REQUIRED ACTION.
Could the data below please be reproduced word for word, without the pictures?

INFORMATION SHOWN.
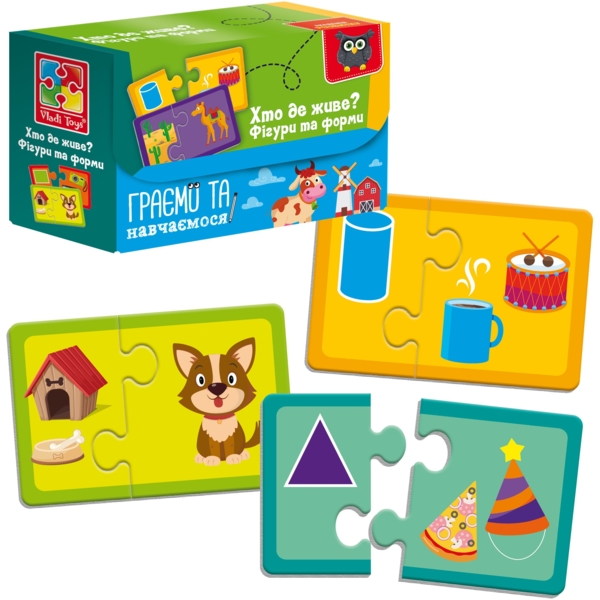 Пазлы Vladi Toys Академия развития "Найди пару. Кто где живет?", 21 элемент (VT5003-03) - Pampik - 2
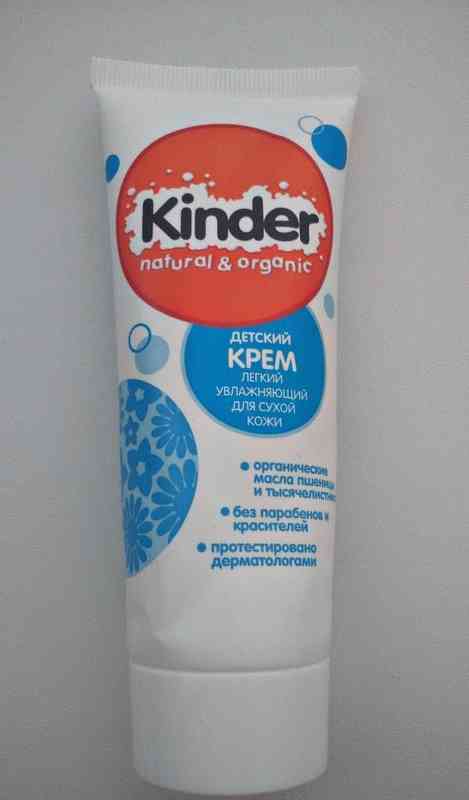 Детский крем Kinder Natural &amp; Organic легкий увлажняющий для сухой кожи фото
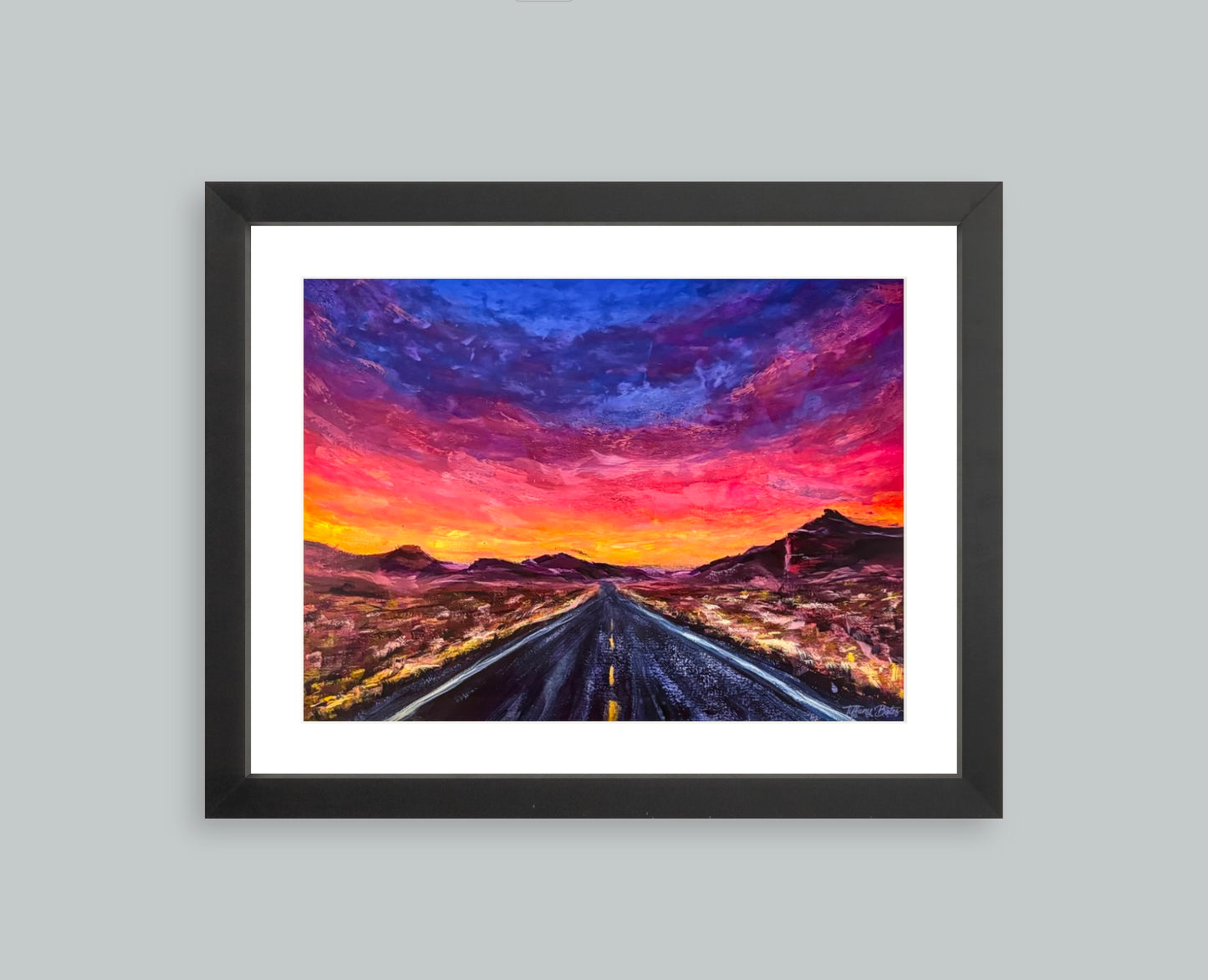 Desert Blaze - Framed Art Print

EXERCISE SOLUTION.
 Пазлы Vladi Toys Академия развития "Найди пару. Кто где живет?", 21 элемент (VT5003-03) - Pampik - 2
 Детский крем Kinder Natural &amp; Organic легкий увлажняющий для сухой кожи фото
 Desert Blaze - Framed Art Print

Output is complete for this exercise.